Thank you, Samantha! That was fun and we hope to see you back on AiThority.com soon.
Samantha Kleinberg is an Associate Professor in the Computer Science department at Stevens Institute of Technology.
After completing her PhD in Computer Science in 2010 from NYU, Dr. Kleinberg spent two years as a postdoctoral Computing Innovation Fellow at Columbia University in the Department of Biomedical Informatics. Previously, she was an undergraduate student at NYU in Computer Science and Physics. More recently, Dr. Kleinberg spent a year on sabbatical in the psychology department of University College London.
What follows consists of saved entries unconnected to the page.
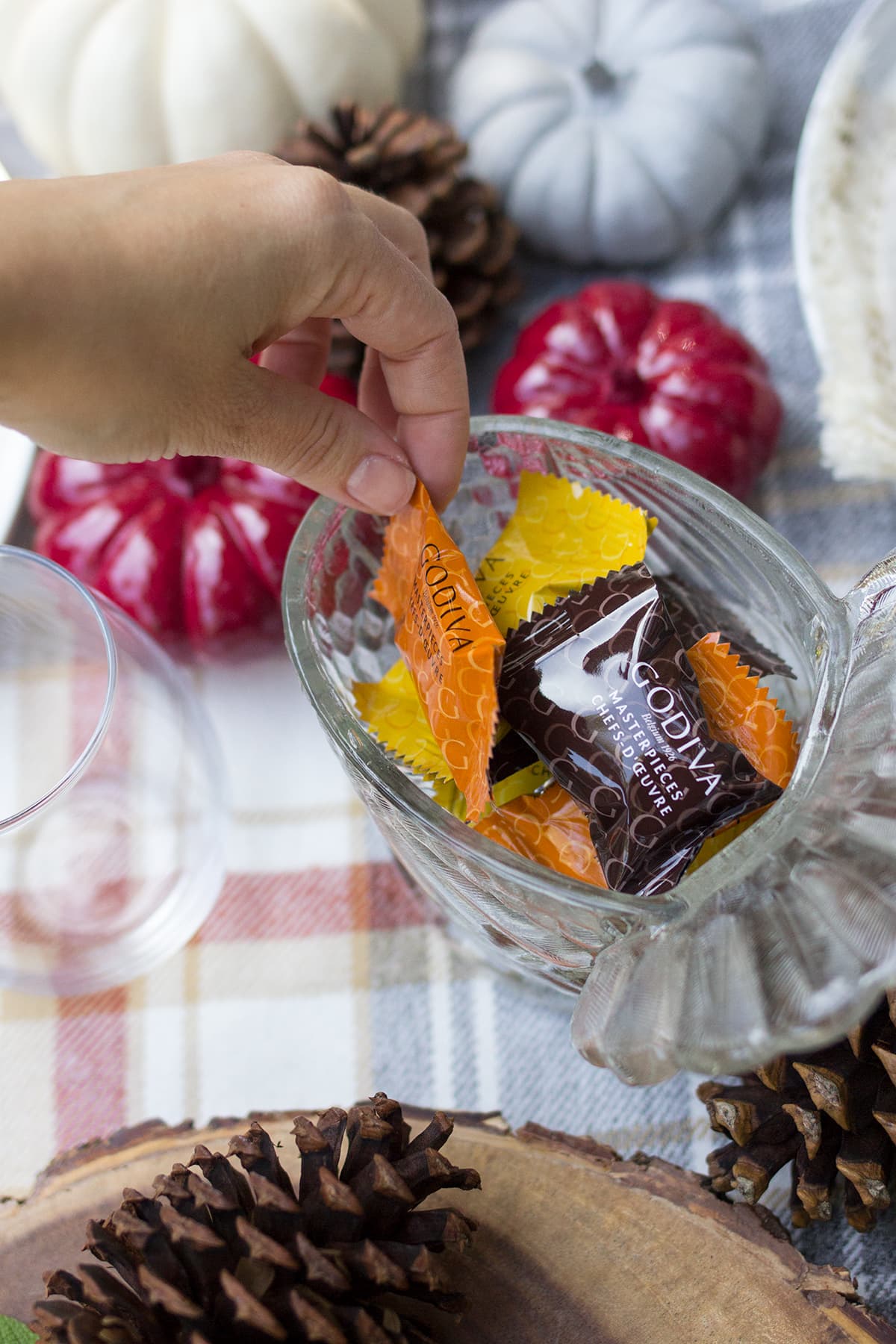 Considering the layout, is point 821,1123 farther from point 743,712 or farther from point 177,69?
point 177,69

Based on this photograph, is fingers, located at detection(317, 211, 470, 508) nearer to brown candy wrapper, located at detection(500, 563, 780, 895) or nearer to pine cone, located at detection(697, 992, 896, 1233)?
brown candy wrapper, located at detection(500, 563, 780, 895)

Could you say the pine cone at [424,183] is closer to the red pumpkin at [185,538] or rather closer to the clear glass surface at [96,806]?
the red pumpkin at [185,538]

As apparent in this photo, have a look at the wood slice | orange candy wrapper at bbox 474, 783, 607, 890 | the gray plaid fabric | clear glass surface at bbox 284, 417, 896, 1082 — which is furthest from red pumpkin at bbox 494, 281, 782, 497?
the wood slice

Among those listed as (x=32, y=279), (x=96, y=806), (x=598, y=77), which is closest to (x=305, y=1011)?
(x=96, y=806)

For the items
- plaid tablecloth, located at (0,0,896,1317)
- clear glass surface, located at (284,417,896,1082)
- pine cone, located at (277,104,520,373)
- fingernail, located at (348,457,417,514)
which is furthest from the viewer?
pine cone, located at (277,104,520,373)

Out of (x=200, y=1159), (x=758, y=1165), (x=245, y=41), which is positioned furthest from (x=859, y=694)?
(x=245, y=41)

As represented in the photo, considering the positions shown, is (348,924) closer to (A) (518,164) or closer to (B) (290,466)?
(B) (290,466)
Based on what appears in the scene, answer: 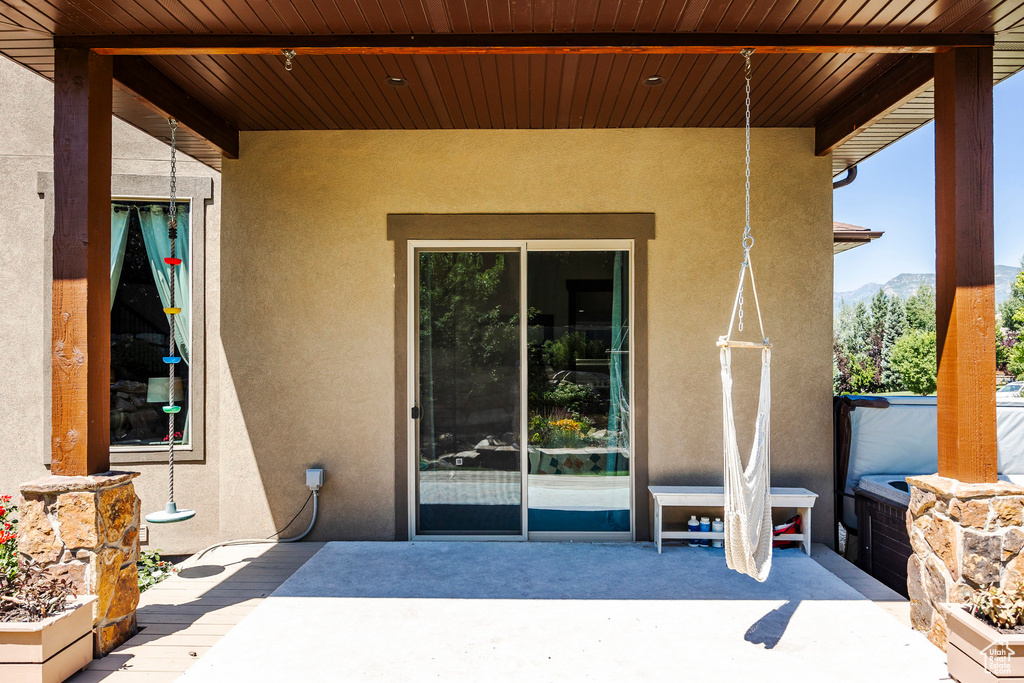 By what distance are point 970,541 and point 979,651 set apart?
0.50 meters

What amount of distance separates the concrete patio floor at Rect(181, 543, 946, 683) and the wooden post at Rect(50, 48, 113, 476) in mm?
1225

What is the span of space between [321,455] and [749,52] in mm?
3802

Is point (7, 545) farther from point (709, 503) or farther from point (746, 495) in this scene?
point (709, 503)

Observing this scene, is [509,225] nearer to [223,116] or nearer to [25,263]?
[223,116]

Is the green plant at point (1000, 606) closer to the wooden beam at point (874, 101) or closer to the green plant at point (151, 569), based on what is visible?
the wooden beam at point (874, 101)

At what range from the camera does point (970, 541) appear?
2703 millimetres

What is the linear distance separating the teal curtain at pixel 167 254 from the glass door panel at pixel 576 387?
268 cm

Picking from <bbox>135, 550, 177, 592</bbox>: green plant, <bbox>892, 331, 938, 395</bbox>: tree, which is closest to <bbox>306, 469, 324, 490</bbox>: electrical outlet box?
<bbox>135, 550, 177, 592</bbox>: green plant

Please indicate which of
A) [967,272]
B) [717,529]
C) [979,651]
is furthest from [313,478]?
[967,272]

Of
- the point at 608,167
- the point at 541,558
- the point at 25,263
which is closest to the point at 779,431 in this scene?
the point at 541,558

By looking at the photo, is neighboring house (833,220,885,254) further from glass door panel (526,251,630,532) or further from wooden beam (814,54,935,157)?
glass door panel (526,251,630,532)

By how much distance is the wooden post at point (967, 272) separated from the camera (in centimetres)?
287

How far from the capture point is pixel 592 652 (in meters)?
2.79

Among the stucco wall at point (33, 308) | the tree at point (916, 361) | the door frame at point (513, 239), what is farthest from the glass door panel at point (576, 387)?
the tree at point (916, 361) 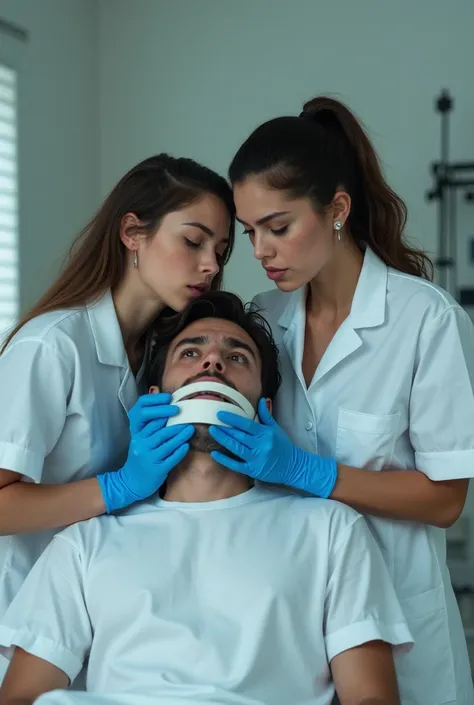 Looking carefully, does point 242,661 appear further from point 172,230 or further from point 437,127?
point 437,127

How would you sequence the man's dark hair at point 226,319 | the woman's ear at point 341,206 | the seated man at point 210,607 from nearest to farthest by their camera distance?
the seated man at point 210,607 → the woman's ear at point 341,206 → the man's dark hair at point 226,319

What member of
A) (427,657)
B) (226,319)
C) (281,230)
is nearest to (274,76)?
(226,319)

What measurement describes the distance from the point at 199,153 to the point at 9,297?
3.54 feet

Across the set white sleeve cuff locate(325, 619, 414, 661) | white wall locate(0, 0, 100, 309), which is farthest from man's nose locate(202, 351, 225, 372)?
white wall locate(0, 0, 100, 309)

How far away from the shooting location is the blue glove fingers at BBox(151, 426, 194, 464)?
61.7 inches

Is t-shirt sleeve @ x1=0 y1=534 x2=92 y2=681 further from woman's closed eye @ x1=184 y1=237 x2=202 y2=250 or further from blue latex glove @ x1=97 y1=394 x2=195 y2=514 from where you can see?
woman's closed eye @ x1=184 y1=237 x2=202 y2=250

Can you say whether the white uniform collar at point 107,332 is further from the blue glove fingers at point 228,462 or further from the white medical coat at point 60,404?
the blue glove fingers at point 228,462

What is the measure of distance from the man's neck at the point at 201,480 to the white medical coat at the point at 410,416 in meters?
0.18

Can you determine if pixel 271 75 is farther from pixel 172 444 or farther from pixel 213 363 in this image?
pixel 172 444

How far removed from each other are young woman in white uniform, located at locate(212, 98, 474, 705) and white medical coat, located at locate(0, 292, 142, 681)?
9.9 inches

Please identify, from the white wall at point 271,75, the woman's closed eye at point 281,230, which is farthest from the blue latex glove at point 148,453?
the white wall at point 271,75

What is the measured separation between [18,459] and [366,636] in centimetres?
63

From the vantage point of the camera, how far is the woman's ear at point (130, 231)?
1732mm

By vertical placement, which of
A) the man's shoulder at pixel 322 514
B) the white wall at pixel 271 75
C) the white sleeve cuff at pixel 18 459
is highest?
the white wall at pixel 271 75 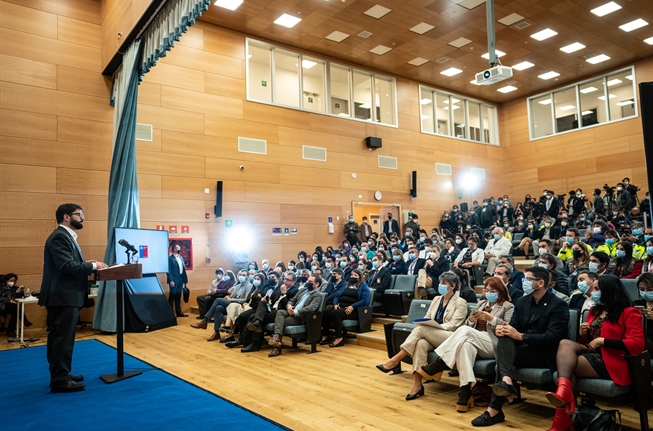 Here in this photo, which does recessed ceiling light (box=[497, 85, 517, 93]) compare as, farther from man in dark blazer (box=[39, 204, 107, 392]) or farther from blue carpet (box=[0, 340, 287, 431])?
man in dark blazer (box=[39, 204, 107, 392])

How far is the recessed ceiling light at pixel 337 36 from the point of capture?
11266mm

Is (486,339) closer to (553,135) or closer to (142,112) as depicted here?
(142,112)

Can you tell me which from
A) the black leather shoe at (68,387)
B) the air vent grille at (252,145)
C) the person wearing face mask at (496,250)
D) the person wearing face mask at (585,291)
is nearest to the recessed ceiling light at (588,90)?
the person wearing face mask at (496,250)

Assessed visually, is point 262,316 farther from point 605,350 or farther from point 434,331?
point 605,350

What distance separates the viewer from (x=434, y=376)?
12.5 ft

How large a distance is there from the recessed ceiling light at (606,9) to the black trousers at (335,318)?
894 centimetres

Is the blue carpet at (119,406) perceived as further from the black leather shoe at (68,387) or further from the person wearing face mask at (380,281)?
the person wearing face mask at (380,281)

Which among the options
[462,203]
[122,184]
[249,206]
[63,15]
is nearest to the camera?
[122,184]

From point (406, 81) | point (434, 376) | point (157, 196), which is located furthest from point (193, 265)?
point (406, 81)

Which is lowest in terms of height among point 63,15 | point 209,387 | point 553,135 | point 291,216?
point 209,387

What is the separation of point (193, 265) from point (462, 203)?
885cm

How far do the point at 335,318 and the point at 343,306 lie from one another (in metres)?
0.27

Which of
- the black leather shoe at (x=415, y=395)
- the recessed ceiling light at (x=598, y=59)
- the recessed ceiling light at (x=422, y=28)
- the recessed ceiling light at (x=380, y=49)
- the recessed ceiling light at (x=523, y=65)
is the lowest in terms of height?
the black leather shoe at (x=415, y=395)

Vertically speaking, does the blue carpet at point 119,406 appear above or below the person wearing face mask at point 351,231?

Dr. Kleinberg has written an academic book, Causality, Probability, and Time, and another for a wider audience, Why: A Guide To Finding and Using Causes. She’s the editor of Time and Causality Across the Sciences.
Stevens Institute of Technology is a premier, private research university situated in Hoboken, New Jersey. Since our founding in 1870, technological innovation has been the hallmark of Stevens’ education and research. Within the university’s three schools and one college, 8,000 undergraduate and graduate students collaborate closely with faculty in an interdisciplinary, student-centric, entrepreneurial environment. Academic and research programs spanning business, computing, engineering, the arts and other disciplines actively advance the frontiers of science and leverage technology to confront our most pressing global challenges. The university continues to be consistently ranked among the nation’s leaders in career services, post-graduation salaries of alumni, and return on tuition investment.